Mendengar itu Ti Then menjadi lega hatinya, kepada Wi Lian In
ujarnya sambil tertawa: "Ayo pergi, kita pergi kerumah penginapan itu."
Kedua orang itu kembalilah kerumah penginapan dimana mereka
tinggal, pelayan-pelayan dengan air muka penuh perasaan terkejut
masing-masing pada merubung menanyakan sesuatu, Ti Then
hanya menyawab adanya pencuri yang mencuri barangnya sehingga
dia pergi kejar dan tergigit ular beracun, dengan demikian mereka
pun menjadi tenang kembali. Tanya Wi Lian In kemudian: "Kuda
kuda kami apa masih ada ?""
"Masih . . . masih . . ." sahut pelayjan itu sambil mengangguk.
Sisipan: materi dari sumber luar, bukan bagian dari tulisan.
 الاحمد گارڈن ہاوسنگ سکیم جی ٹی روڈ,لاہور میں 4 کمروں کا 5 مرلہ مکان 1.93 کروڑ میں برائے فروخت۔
"Kalian berdua apa mau segera berangkat?"
"Tidak" ujar Ti Then perlahan. Kami mau menginap satu malam
lagi, besok pagi baru berangkat, Kau pergilah siapkan makanan
untuk kami" Pelayan itu segera menyahut dan mengundurkan diri, Mendadak
Ti Then teringat kembali akan si macan kumbang hitam Khie Hoat
itu manusia yang menduduki sebagai Lo-ji dari Kwan si Ngo Keay
masih tertotok jalan darahnya ditengah tanah pekuburan diluar
kota, ujarnya kemudian kepada Wi Lian in"Bagaimana kalau kamu
orang kerjakan suatu pekerjaan?"
"Kerjaan apa?" " Kemarin malam Loji dari Kwan si Ngo Koay si macan kumbang
hitam Khie hoat tertotok jalan darahnya hingga kini mungkin masih
berada di sana, coba kau pergi ke sana lepaskan dia pergi."
"Hmmm . . . kejahatan yang dikerjakan Kwan si Ngo Koay sudah
sangat banyak sekali, sekali pun mati juga tidak sayang, buat apa
kita pergi urus dia lagi"
"Tidak. ." bantah Ti Then dengan cepat, "Aku sudah bilang sama dia asalkan di dalam kelenteng tanah ditengah kota aku bisa
temukan kamu maka setelah pulang aku bebaskan dia pergi, walau
pun di dalam kelenteng tanah ditengah kota aku tidak temukan kau
tapi hal ini bukan kesalahannya."
"Walau pun begitu . . . hari ini kau lepaskan dia pergi,
dikemudian hari dia bisa cari kau untuk membalas dendam."
"Hal itu termasuk persoalan lain lagi..."
Wi Lian In ketika melihat dia sudah ambil ketetapan di dalam
hatinya terpaksa mengangguk.
"Baiklah, hanya saja dia berada di tanah pekuburan sebelah
mana?" "Di sebelah barat kota, kau pergilah dengan menunggang kuda
Ang san Khek. cepat pergi cepat kembali dan hati-hati jangan
sampai diculik orang lagi..."
"Cis. . ." seru Wi Lian in dengan perasaan malu dan manya.
"Disiang hari bolong begitu ada siapa yang berani mengganggu aku
Wi Lian In" Hmmm, kalau berani ganggu aku jangan harap bisa
hidup lagi." sehabis berkata dia berjalan keluar dari kamar.
Ti Then menanti sesudah dia keluar baru menutup pintu kamar
dan rebahkan dirinya ke atas pembaringan untuk beristirahat. Tidak
lama kemudian terdengar suara ketukan pintu kamar.
"Siapa?" tanyanya sambil bangkit berdiri
"Aku." suara dari pelayan rumah penginapan itu berkumandang
masuk ke dalam kamar. "Tuan bukankah kamu suruh aku siapkan
makanan ?" "Ehmm . . . masuklah. Pintu itu tidak terkunci."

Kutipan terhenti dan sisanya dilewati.